19 of 106 comments (clear)

  1. Credit cards by Anonymous Coward · · Score: 2, Insightful

    Way too easy to commit fraud. Pay cash for small purchases. And stop giving stores your name for loyalty cards or marketing

    1. Re:Credit cards by Nerdfest · · Score: 3, Funny

      I'm not even sure that will help. These guys have proven that they're quite ... crafty.

    2. Re:Credit cards by cusco · · Score: 3, Informative

      In the case of Target and Michaels it's the latter. You have up to 90 days to return some merchandise at Target, and the entire transaction record will be stored for that long and then dumped.

      Having said that, the AC somehow seems to have completely missed every article that even dips a toe into the technical details of the attacks. It's a RAM scraper, not a database capture, that is picking up the transaction. The POS terminal only stores the transaction for the amount of time it takes to contact the credit card company and get approval, and that's all the time necessary to carry out that type of attack.

      --
      "Think about how stupid the average person is. Now, realise that half of them are dumber than that." - George Carlin
  2. Chip & Pin by beelsebob · · Score: 4, Insightful

    Seriously... Why have the US banks not rolled Chip & Pin out yet? This wouldn't be an issue if they had, and it's almost certainly costing them a lot more in refunded transactions than a roll out would have.

    1. Re:Chip & Pin by fuzzyfuzzyfungus · · Score: 2

      Are you saying that passing your PCI compliance testing isn't all the computer security you need to do?

    2. Re:Chip & Pin by binarylarry · · Score: 3, Funny

      Unfortunately, it looks like Target and Michaels went with ISA compliance testing instead :(

      --
      Mod me down, my New Earth Global Warmingist friends!
  3. Point of Sale Network Access by Luthair · · Score: 2

    There is an easy solution to this problem - don't put point of sale systems on a network with external access. At the minimum one should limit the network addresses these systems are allowed to access.

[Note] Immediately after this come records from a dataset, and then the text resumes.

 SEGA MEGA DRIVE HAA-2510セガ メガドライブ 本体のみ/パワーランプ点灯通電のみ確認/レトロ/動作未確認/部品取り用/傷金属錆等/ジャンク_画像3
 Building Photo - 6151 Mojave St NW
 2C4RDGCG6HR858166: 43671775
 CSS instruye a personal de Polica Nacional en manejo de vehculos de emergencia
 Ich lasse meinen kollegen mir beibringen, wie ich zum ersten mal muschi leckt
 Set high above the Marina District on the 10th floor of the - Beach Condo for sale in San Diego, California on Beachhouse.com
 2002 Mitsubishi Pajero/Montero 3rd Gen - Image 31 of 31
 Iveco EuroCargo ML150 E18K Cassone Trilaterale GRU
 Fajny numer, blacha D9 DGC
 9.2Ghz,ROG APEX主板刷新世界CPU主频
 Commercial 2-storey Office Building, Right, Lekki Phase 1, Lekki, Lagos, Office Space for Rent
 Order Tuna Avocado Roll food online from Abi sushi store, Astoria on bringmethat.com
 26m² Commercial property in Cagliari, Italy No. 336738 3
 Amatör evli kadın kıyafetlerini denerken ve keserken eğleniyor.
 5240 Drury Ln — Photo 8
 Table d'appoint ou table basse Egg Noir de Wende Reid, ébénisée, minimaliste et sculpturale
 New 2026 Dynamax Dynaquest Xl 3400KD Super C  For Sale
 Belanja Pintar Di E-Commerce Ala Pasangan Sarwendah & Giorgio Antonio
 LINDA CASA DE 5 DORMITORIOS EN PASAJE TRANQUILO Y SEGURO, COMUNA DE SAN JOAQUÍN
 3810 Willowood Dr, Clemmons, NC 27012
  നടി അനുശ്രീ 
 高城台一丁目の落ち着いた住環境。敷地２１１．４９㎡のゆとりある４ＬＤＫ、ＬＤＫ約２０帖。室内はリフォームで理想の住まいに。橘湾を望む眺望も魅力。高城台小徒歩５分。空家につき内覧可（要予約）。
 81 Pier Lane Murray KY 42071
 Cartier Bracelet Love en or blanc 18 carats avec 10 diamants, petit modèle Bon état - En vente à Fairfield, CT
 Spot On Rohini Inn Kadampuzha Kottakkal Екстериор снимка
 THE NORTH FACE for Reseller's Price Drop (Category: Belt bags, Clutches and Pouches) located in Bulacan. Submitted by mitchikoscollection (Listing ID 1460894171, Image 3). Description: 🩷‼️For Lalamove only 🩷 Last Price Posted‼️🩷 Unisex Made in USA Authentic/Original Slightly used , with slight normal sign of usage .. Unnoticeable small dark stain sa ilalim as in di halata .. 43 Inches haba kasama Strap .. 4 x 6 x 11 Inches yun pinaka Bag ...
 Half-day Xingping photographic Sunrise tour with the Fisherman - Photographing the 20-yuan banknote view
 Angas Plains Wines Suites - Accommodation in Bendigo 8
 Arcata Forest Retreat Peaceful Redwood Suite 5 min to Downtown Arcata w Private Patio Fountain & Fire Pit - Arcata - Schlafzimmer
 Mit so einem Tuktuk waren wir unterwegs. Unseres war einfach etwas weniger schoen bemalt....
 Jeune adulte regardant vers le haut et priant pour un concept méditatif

    1. Re:Point of Sale Network Access by penix1 · · Score: 2

      Are they held responsible for any problems and costs with their carelessness?

      They sure are... Have you been in a Target since their breech? It is a ghost town in the one here.

      --
      This is a sig. This is only a sig. Had this been an actual sig you would have been informed where to tune for more sigs.
  4. Just wait by ArchieBunker · · Score: 4, Interesting

    As soon as the cost of chip and pin is less than the cost of security breaches they will switch. My US credit cards have problems in Canada now because everything there expects chip and pin.

    --
    Only the State obtains its revenue by coercion. - Murray Rothbard
    1. Re:Just wait by Hamsterdan · · Score: 2

      The chip is not there to protect customers interests. It's there so the store (or bank in my case) can say: Nope, your card wasn't copied, the chip was used at the ATM.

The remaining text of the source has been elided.